◆ TASK STATEMENT ◆
In the data below, begin at the line with "12pcs/Pack Christmas Socks" and stop after the line with "Tronox COVID-19 Risk Assessment"; output those lines exactly and no pictures.

◆ EXTRACTED DATA ◆
--

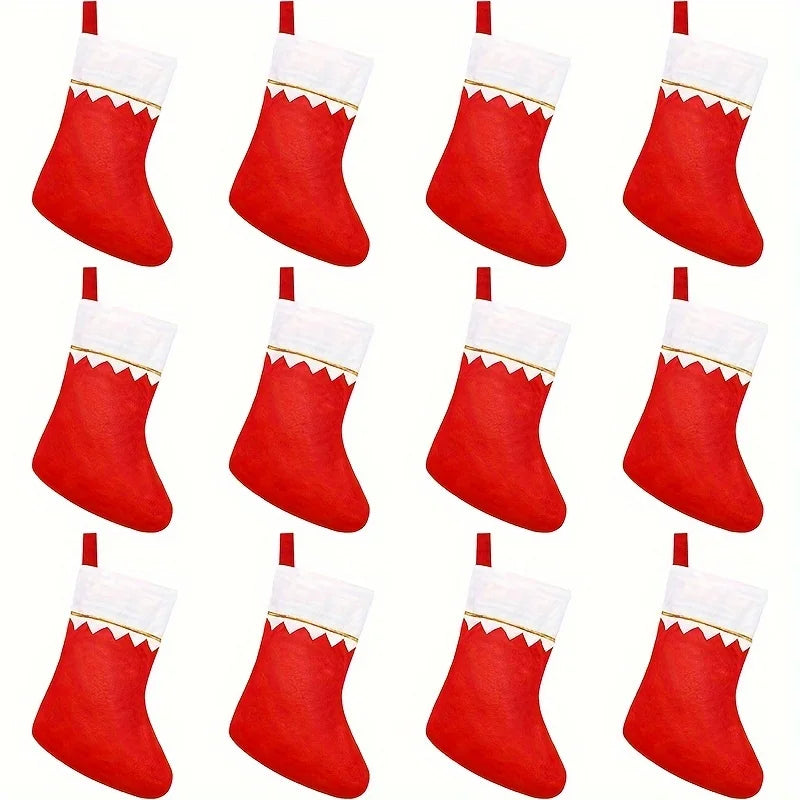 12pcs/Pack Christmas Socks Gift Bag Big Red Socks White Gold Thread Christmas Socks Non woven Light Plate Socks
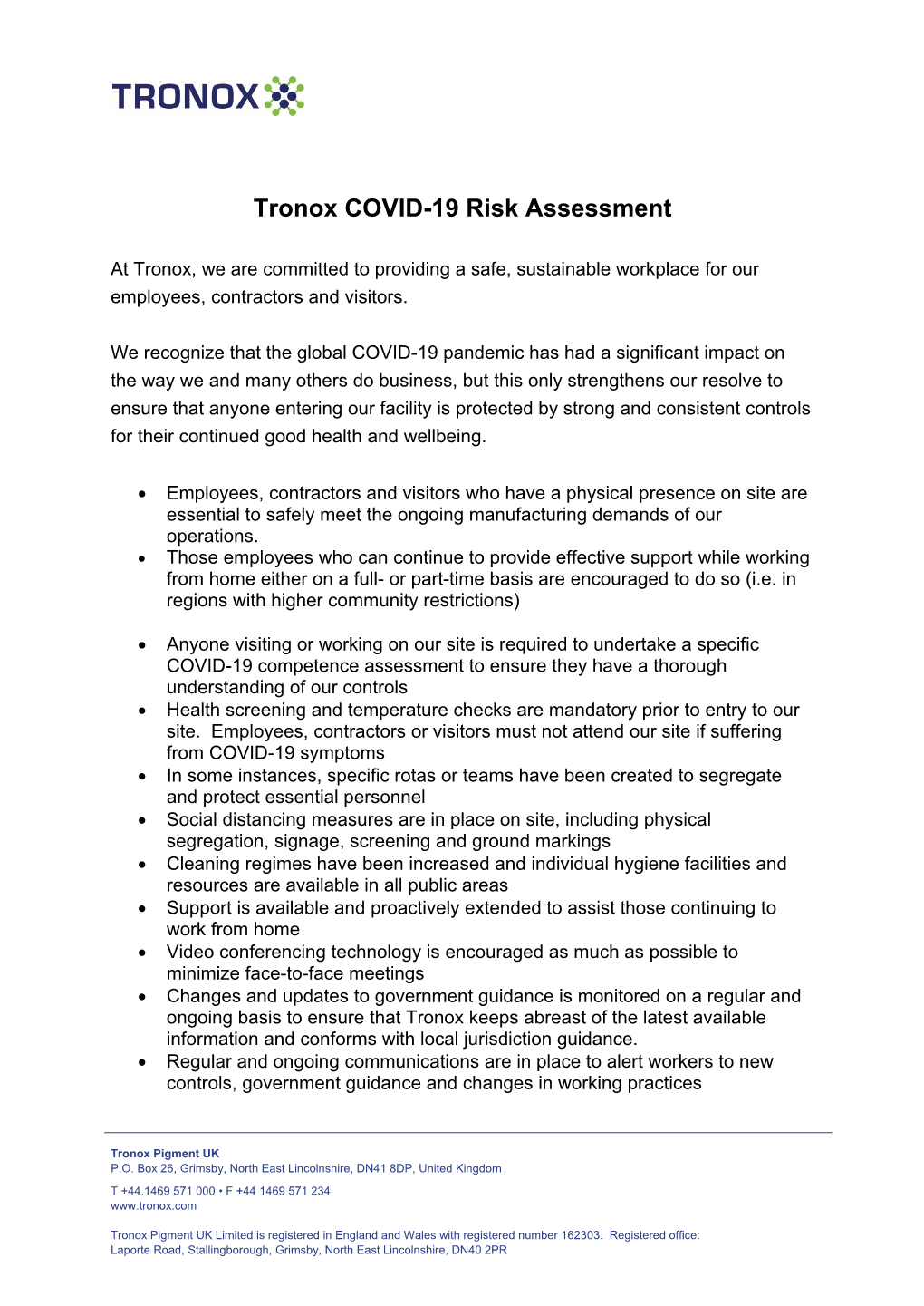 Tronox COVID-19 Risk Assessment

--

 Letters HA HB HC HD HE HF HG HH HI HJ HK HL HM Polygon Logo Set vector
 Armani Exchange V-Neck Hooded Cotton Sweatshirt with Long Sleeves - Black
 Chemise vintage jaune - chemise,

--

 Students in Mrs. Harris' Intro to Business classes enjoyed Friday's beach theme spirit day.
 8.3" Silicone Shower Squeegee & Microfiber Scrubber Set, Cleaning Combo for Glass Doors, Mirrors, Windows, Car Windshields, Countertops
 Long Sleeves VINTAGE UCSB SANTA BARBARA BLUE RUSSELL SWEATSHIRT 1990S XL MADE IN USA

--

◆ YOUR RESPONSE ◆
 12pcs/Pack Christmas Socks Gift Bag Big Red Socks White Gold Thread Christmas Socks Non woven Light Plate Socks
 Tronox COVID-19 Risk Assessment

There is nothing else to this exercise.